Sie war schöner denn je. Schlank und doch betörend weiblich mit wohlgeformten Kurven an den richtigen Stellen. Der blaue Pullover brachte ihre schönen Augen zum Leuchten, und das seidige rötlich blonde Haar fiel ihr weich und verlockend auf die schmalen Schultern. Trug sie es heute absichtlich offen, um ihn zu quälen? Sie wusste doch, wie sehr er ihre Haare liebte. Und ihre langen Beine … In den hochhackigen Schuhen sah sie sexy und aufregend aus, gar nicht wie die Mutter zweier Kinder.

Ob sie sich bereits einen Liebhaber zugelegt hatte?

Zum ersten Mal in seinem Leben erfüllte Alessandro eine nagende Unsicherheit. Er stieg aus und stieß die Tür der Notaufnahme so heftig auf, dass er fast mit einem Kollegen zusammengeprallt wäre.

„Was machst du denn hier? Mit dir haben wir heute eigentlich nicht mehr gerechnet.“ Sean Nicholson, der leitende Chefarzt der Notaufnahme und Leiter des Bergrettungsteams, trat mit gerunzelter Stirn zurück.

Alessandro riss sich zusammen. „Wir sind knapp an Personal“, sagte er gepresst. „Und ob ich nun hier bin oder woanders, ist egal.“

Sean sah ihn scharf an. „So schlimm?“

„Frag bloß nicht.“

„Es hat keinen Sinn, vor Frauen davonzulaufen“, meinte Sean gedehnt. „Man entkommt ihnen nicht.“

Wenn es nur so wäre, dachte Alessandro, noch immer wütend. Christy wollte nichts mehr von ihm wissen. Nur der Kinder wegen war sie über Weihnachten zurückgekommen. Und im Gästezimmer zu schlafen, machte ihr nichts aus.

Sean drückte ihm eine Akte in die Hand. „Ehrlich gesagt bin ich nicht böse, dass du da bist. Bei uns ist der Teufel los.“

Fast wie zu Hause, dachte Alessandro bitter, nickte aber nur und wollte gehen. Sean hielt ihn am Arm zurück.

„Sag mal, Christy hätte nicht Lust, wieder zu arbeiten? Nur für die zwei Wochen bis Weihnachten. Zurzeit sind sechs Schwestern krankgemeldet. Wir schaffen unsere Arbeit einfach nicht.“

„Christy?“ Alessandro sah ihn erstaunt an. „Sie arbeitet in einer Hausarztpraxis …“

„Aber erst seit ein paar Jahren“, meinte Sean. „Davor war sie in der Notaufnahme, und dazu verdammt gut.
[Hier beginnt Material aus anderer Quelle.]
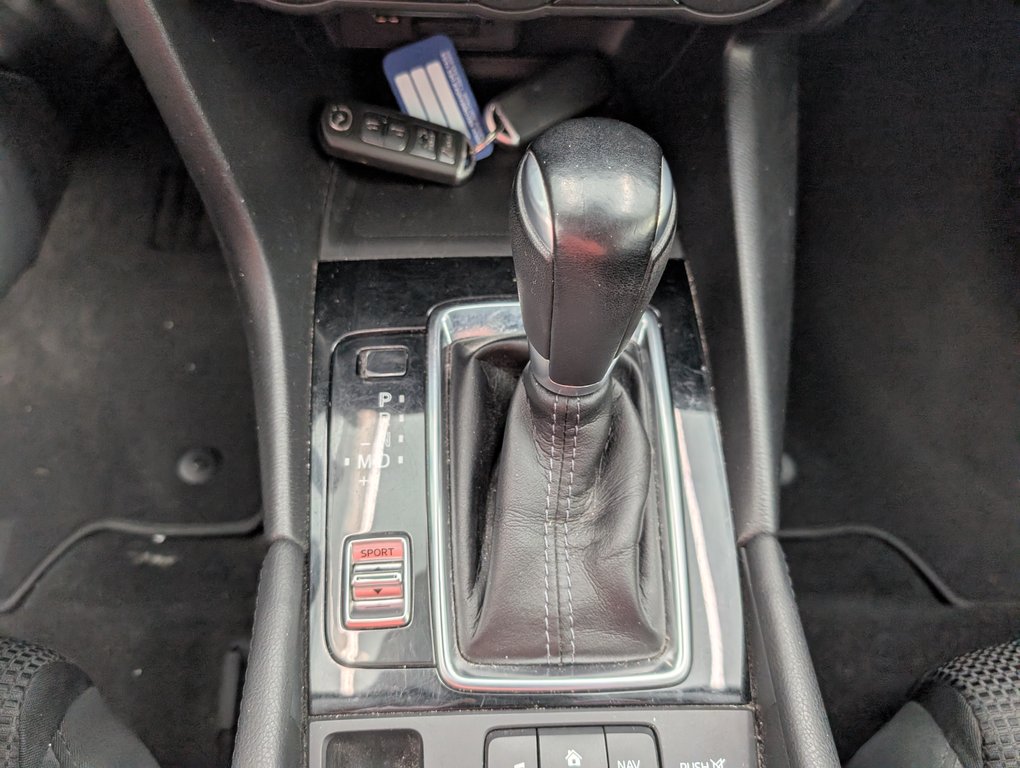 Mazda 3 GS, AUTOMATIQUE, 2017 à Magog, Québec - 16 - w1024h768px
Ich weiß, es ist nur so eine Idee, aber …“ Als er Alessandros zweifelnden Ausdruck sah, zuckte er mit den Schultern. „Überleg‘s dir.“ Er ging davon, und Alessandro starrte ihm nach.
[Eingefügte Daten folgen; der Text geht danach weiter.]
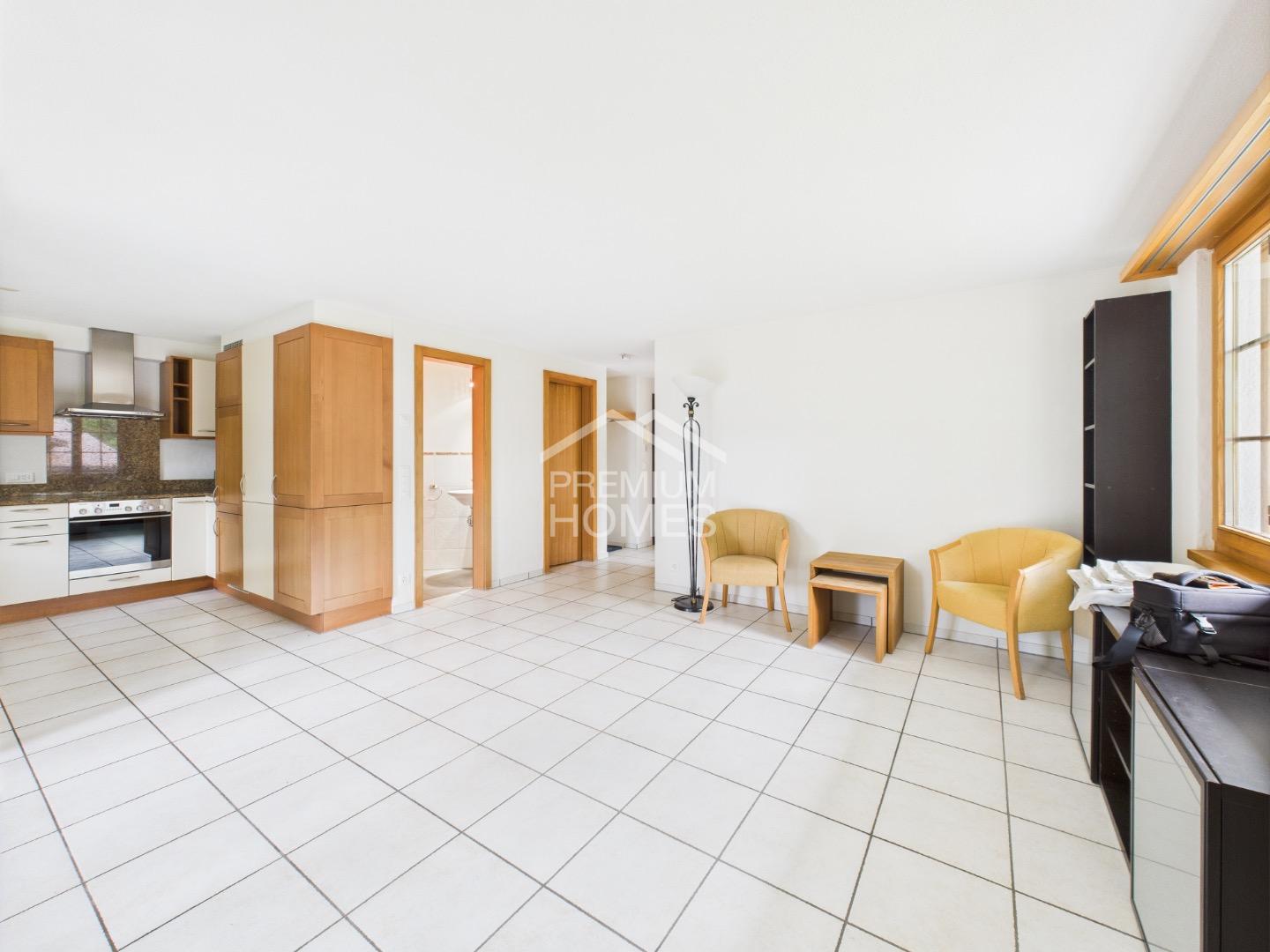 Alpiner Chic: Elegante Wohnung nahe Gstaad! - 6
Christy hatte nach Katys Geburt nur noch halbtags gearbeitet und als Ben zur Welt kam ganz aufgehört. Erst seit einiger Zeit arbeitete sie Teilzeit in der Hausarztpraxis. Ein absurder Gedanke, dass sie wieder in der Notaufnahme anfangen könnte. Sie war Mutter, die Kinder hatten Vorrang, und außerdem wäre die Arbeit in der Notaufnahme eine viel zu große Belastung für sie.

Um fünf Uhr am nächsten Morgen, nach einer harten, langen Nacht, kehrte Alessandro nach Hause zurück und kroch in sein einsames kaltes Bett. Aber er fand einfach keinen Schlaf, musste ständig an Christy denken, die tief und fest im Gästezimmer schlief.

Der Gedanke an ihren warmen Körper ließ ihn nicht zur Ruhe kommen, und so stieg er leise fluchend wieder aus dem Bett, zog sich seinen Jogginganzug an und lief los.

Frisch gefallener Schnee bedeckte den Boden, und weiße Atemwolken wehten beim Laufen vor ihm her. Die Felsen im Fluss glänzten von der Eisschicht, das Wasser war eiskalt und klar wie Glas. Er rannte, bis ihm die Lungen brannten und die Muskeln schmerzten, dann erst kehrte er zurück.

Die Kinder waren inzwischen aufgestanden, lagen gemütlich auf dem Sofa und sahen sich einen Zeichentrickfilm im Fernsehen an. Christy war in der Küche, es duftete nach Pfannkuchen.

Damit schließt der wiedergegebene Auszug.